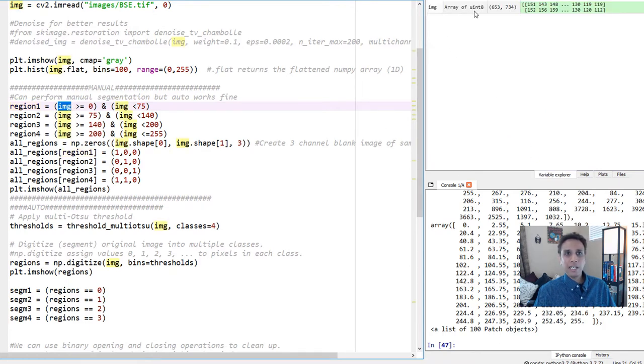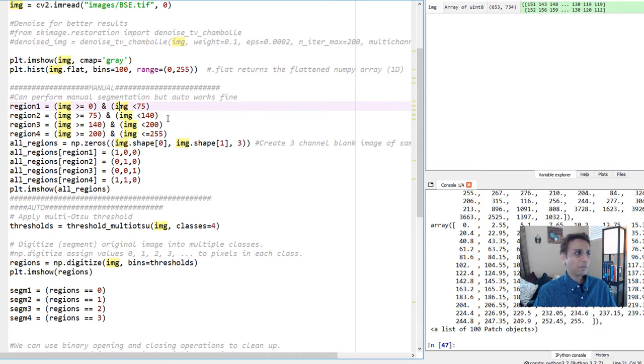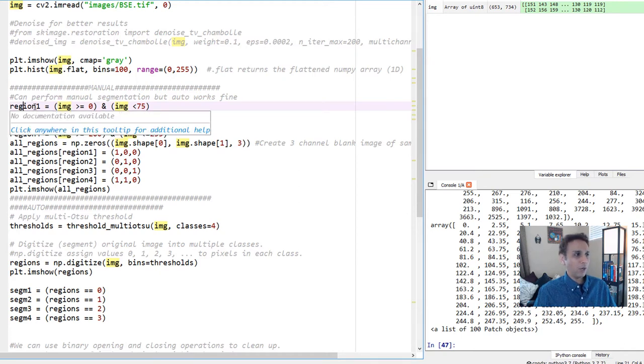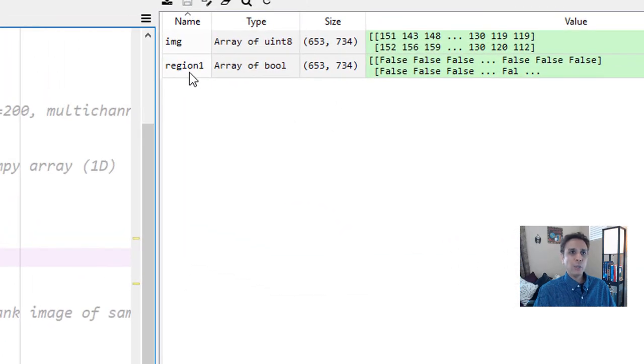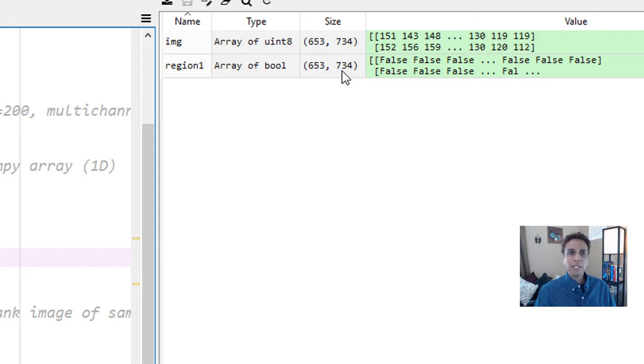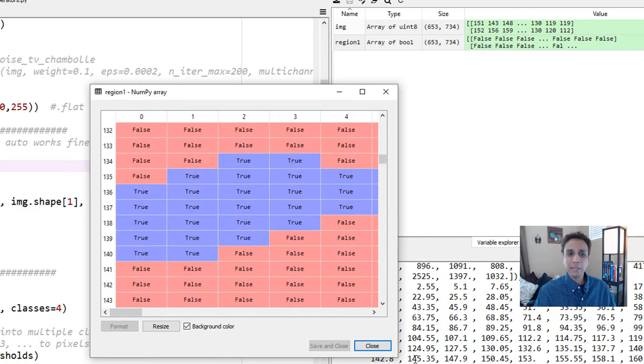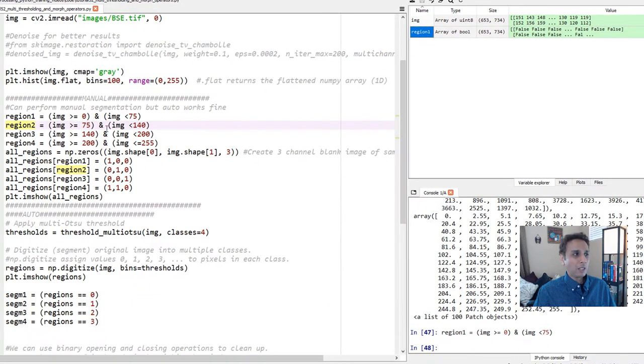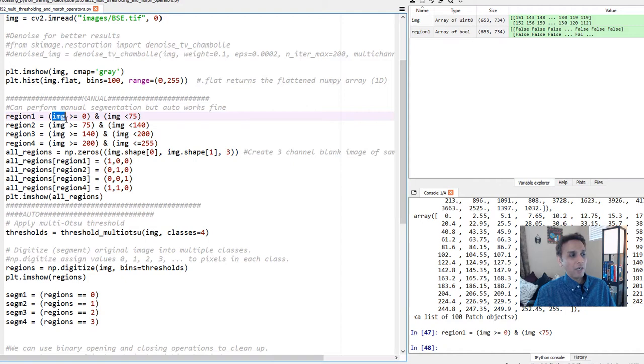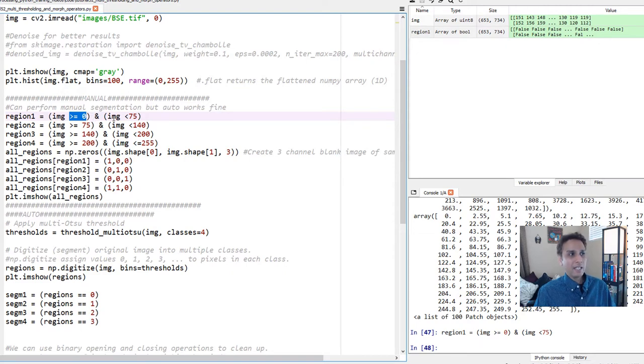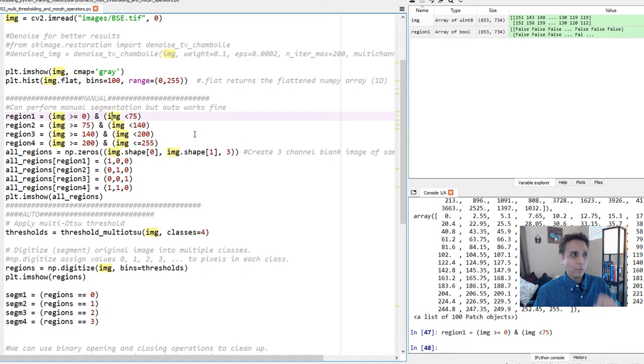Region one, I'm defining as all the values from my image. What is my image? It's an array of unsigned integers of size 653 by 734 with values between 0 to 255. Now I'm saying create a new array called region one. If I run this line, you should see it created a new array which is a boolean array of the same size as the original image. It's boolean because it's either false or true. If I open this, it should have false values or occasionally true values.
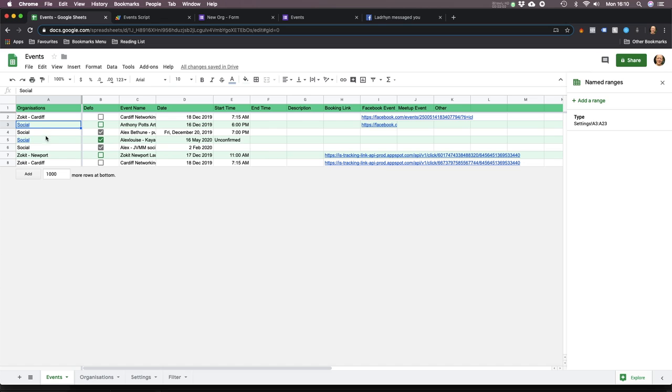I had some social things in the calendar. And there's a club called Zokit, which is a business networking event - I put a few of their things in there. Because otherwise, all the events are everywhere. You forget about them, can't stay on top of it. So you need a system.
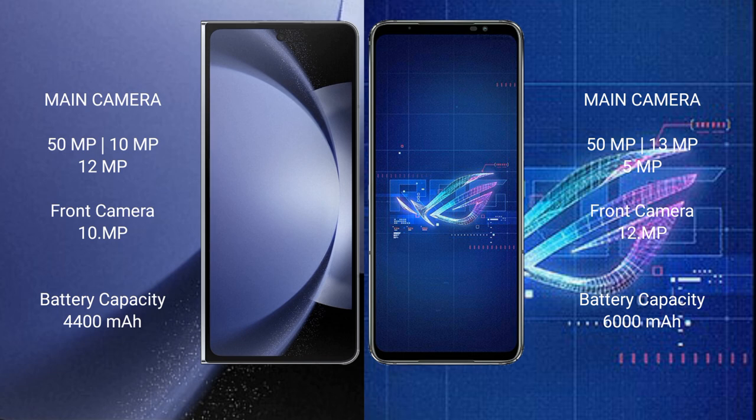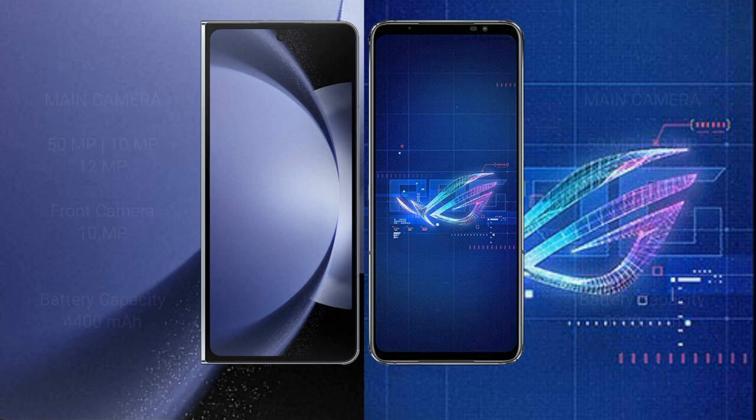Samsung Galaxy Z Fold 6 has a 4400mAh battery with 45W fast charging support. Asus ROG Phone 6 has a larger 6000mAh battery also with 45W fast charging support.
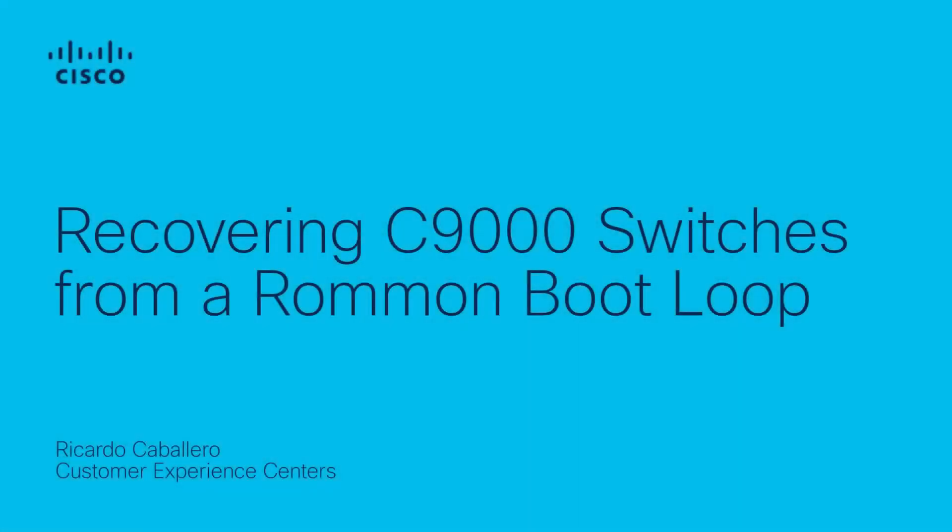Hello everyone, this is Ricardo from Cisco Tech. In this video I will show you how to recover a switch that is in a Rommon boot loop scenario. Let's get started.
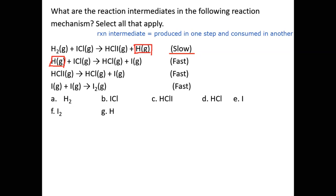In the second step we produce HCl·I, and in the third step we consume HCl·I, so HCl·I is a reaction intermediate. In steps two and three we produce I, and in step four we consume I, so I is also a reaction intermediate. The correct answers are HCl·I, I, and H.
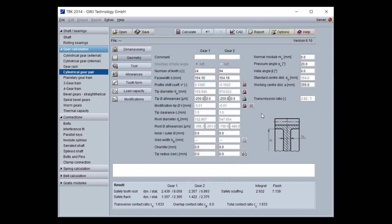This was a very short overview of what is possible with the gear pair calculation. If you have questions or need more information, please contact us. Thank you for your time today.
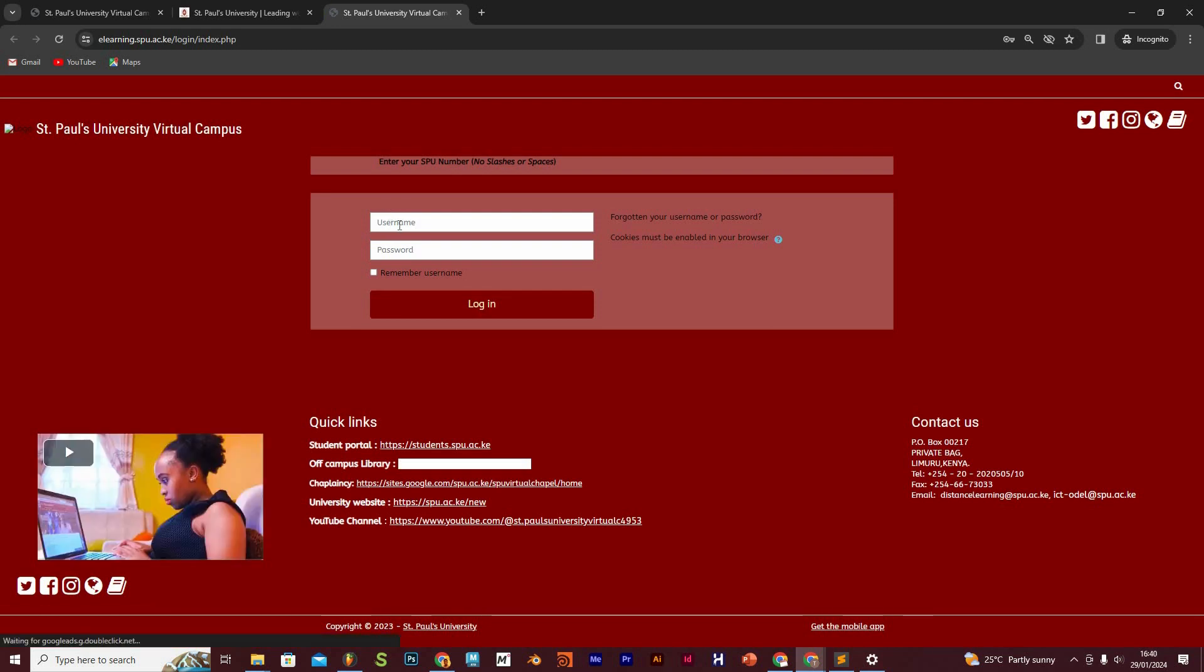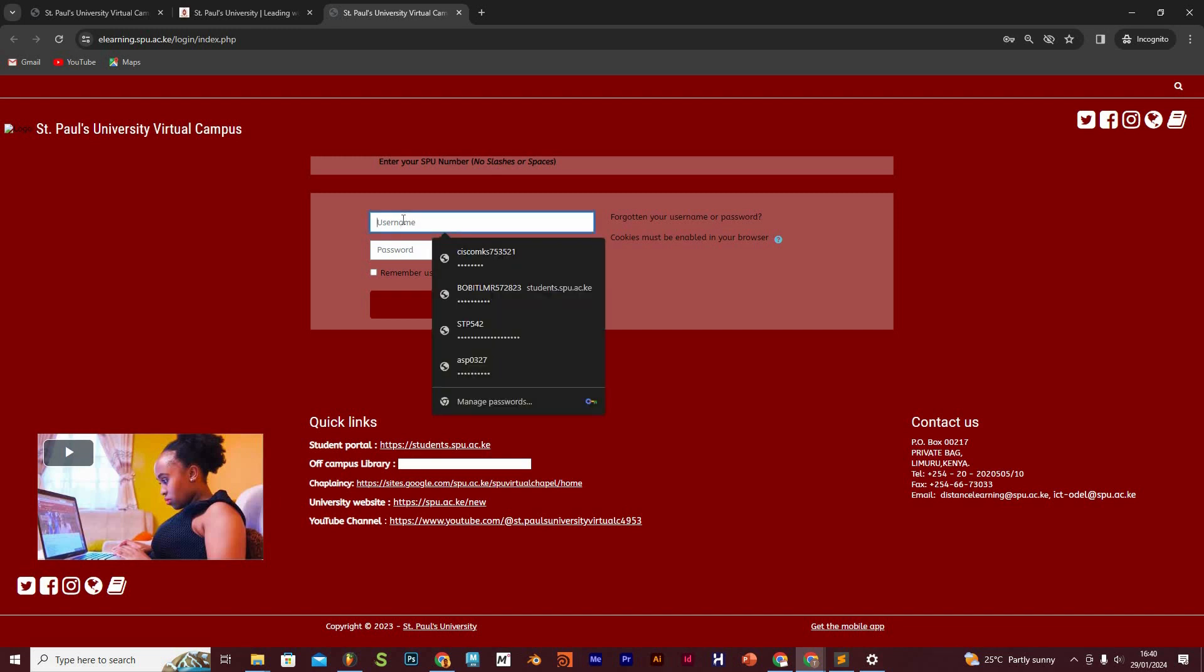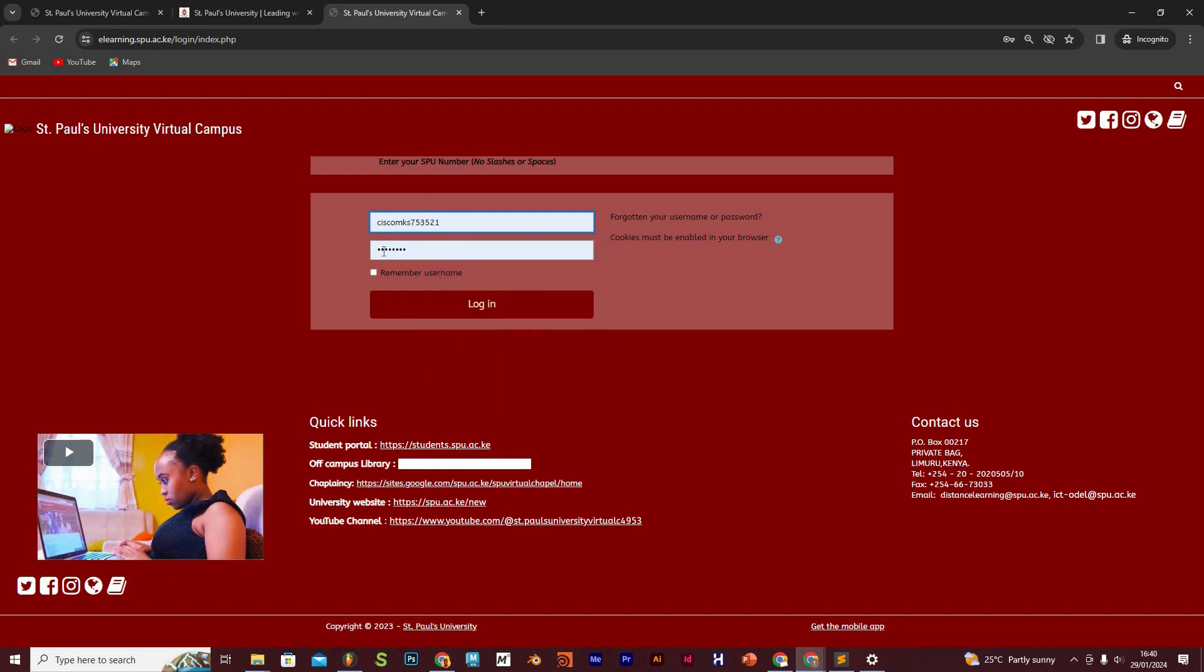Here we put in our username, which is your student number, and the password. Remember, the password you are using for the student portal is the same password you're going to use for the e-learning portal. You put in your student number and your password and you log in.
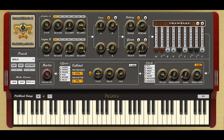Main features: Two independent oscillators with 7 waveforms each. Low-pass/high-pass filter per oscillator. Octave tuner per oscillator. Amp envelope per oscillator. Global rotary speaker effect with independent sends per oscillator. Gleam effect with independent sends per oscillator. Drawbars with independent sends per oscillator. Click generator oscillator.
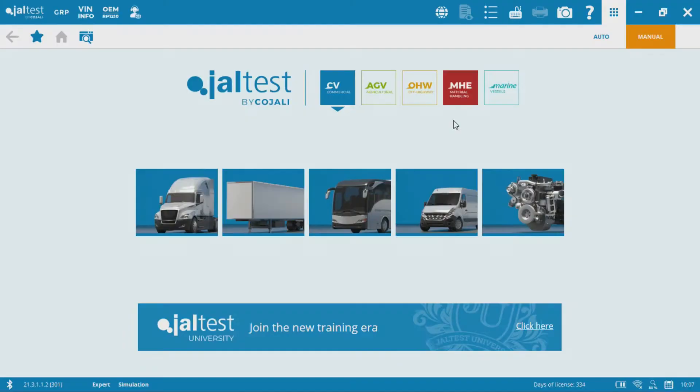Hey there, Kevin from Whole Fleet Diagnostics. This video is a request from a YouTube comment on how to change the maximum vehicle speed on a Volvo iShift 2013. Let's go ahead and take a look at how you do that with the JALTES 21.3 software.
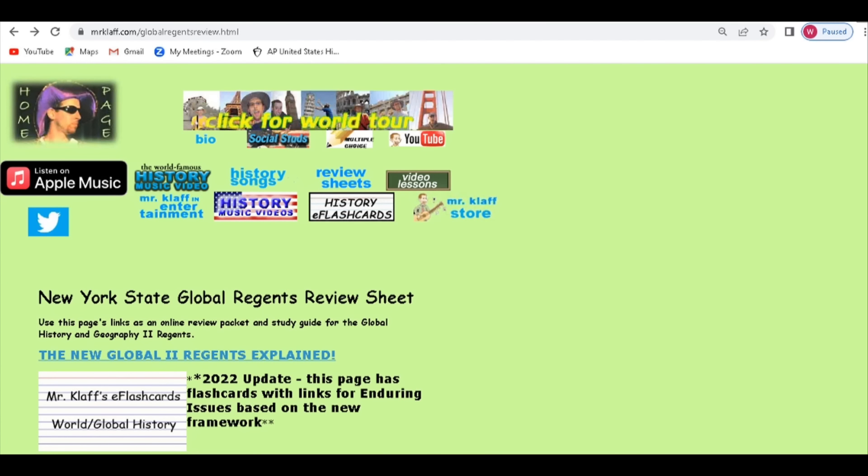Welcome to MrClaff.com's quick review of how to write an Enduring Issues essay, brought to you by Noble Review Concise Review Books.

══════════════════════════════

» TASK OBJECTIVE:
Pictures aside, write out verbatim every line from the first line of the material through the line holding "Hello everyone, this".

» TASK SOLUTION:
Region one, I'm defining as all the values from my image. What is my image? It's an array of unsigned integers of size 653 by 734 with values between 0 to 255. Now I'm saying create a new array called region one. If I run this line, you should see it created a new array which is a boolean array of the same size as the original image. It's boolean because it's either false or true. If I open this, it should have false values or occasionally true values.
I had some social things in the calendar. And there's a club called Zokit, which is a business networking event - I put a few of their things in there. Because otherwise, all the events are everywhere. You forget about them, can't stay on top of it. So you need a system.
Samsung Galaxy Z Fold 6 has a 4400mAh battery with 45W fast charging support. Asus ROG Phone 6 has a larger 6000mAh battery also with 45W fast charging support.
Hello everyone, this is Ricardo from Cisco Tech. In this video I will show you how to recover a switch that is in a Rommon boot loop scenario. Let's get started.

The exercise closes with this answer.